▶ **Aim of the exercise**
Once you have read the records below, print them again exactly as they stand.

-- Records supplied follows --

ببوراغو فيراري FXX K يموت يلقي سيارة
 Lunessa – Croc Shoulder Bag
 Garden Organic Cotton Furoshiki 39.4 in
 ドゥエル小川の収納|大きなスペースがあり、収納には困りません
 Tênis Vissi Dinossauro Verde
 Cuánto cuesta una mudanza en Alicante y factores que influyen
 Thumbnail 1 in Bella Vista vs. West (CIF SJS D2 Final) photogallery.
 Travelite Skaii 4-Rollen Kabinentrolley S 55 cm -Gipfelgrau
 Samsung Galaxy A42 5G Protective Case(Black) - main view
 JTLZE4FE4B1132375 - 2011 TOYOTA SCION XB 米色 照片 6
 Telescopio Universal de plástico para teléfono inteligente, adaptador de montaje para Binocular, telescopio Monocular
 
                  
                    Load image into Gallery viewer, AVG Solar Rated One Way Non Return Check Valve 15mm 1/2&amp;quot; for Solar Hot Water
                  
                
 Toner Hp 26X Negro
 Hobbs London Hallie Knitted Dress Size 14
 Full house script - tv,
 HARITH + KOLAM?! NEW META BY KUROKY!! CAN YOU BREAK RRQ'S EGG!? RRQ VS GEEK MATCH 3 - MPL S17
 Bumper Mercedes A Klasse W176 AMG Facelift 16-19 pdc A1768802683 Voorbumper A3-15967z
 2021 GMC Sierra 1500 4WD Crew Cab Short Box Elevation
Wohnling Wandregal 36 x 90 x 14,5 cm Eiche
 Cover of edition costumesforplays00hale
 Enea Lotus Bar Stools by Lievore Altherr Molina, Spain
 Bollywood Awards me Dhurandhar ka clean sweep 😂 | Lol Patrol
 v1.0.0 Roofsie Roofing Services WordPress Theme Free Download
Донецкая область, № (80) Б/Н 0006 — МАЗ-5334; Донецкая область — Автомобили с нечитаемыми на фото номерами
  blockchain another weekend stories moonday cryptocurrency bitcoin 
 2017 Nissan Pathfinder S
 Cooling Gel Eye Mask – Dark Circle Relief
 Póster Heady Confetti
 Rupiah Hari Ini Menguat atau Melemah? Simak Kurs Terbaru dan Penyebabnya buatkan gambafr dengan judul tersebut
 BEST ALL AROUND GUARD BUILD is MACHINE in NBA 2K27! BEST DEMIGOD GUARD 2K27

-- Records supplied concluded --

▶ **Output of the exercise**
ببوراغو فيراري FXX K يموت يلقي سيارة
 Lunessa – Croc Shoulder Bag
 Garden Organic Cotton Furoshiki 39.4 in
 ドゥエル小川の収納|大きなスペースがあり、収納には困りません
 Tênis Vissi Dinossauro Verde
 Cuánto cuesta una mudanza en Alicante y factores que influyen
 Thumbnail 1 in Bella Vista vs. West (CIF SJS D2 Final) photogallery.
 Travelite Skaii 4-Rollen Kabinentrolley S 55 cm -Gipfelgrau
 Samsung Galaxy A42 5G Protective Case(Black) - main view
 JTLZE4FE4B1132375 - 2011 TOYOTA SCION XB 米色 照片 6
 Telescopio Universal de plástico para teléfono inteligente, adaptador de montaje para Binocular, telescopio Monocular
 
                  
                    Load image into Gallery viewer, AVG Solar Rated One Way Non Return Check Valve 15mm 1/2&amp;quot; for Solar Hot Water
                  
                
 Toner Hp 26X Negro
 Hobbs London Hallie Knitted Dress Size 14
 Full house script - tv,
 HARITH + KOLAM?! NEW META BY KUROKY!! CAN YOU BREAK RRQ'S EGG!? RRQ VS GEEK MATCH 3 - MPL S17
 Bumper Mercedes A Klasse W176 AMG Facelift 16-19 pdc A1768802683 Voorbumper A3-15967z
 2021 GMC Sierra 1500 4WD Crew Cab Short Box Elevation
Wohnling Wandregal 36 x 90 x 14,5 cm Eiche
 Cover of edition costumesforplays00hale
 Enea Lotus Bar Stools by Lievore Altherr Molina, Spain
 Bollywood Awards me Dhurandhar ka clean sweep 😂 | Lol Patrol
 v1.0.0 Roofsie Roofing Services WordPress Theme Free Download
Донецкая область, № (80) Б/Н 0006 — МАЗ-5334; Донецкая область — Автомобили с нечитаемыми на фото номерами
  blockchain another weekend stories moonday cryptocurrency bitcoin 
 2017 Nissan Pathfinder S
 Cooling Gel Eye Mask – Dark Circle Relief
 Póster Heady Confetti
 Rupiah Hari Ini Menguat atau Melemah? Simak Kurs Terbaru dan Penyebabnya buatkan gambafr dengan judul tersebut
 BEST ALL AROUND GUARD BUILD is MACHINE in NBA 2K27! BEST DEMIGOD GUARD 2K27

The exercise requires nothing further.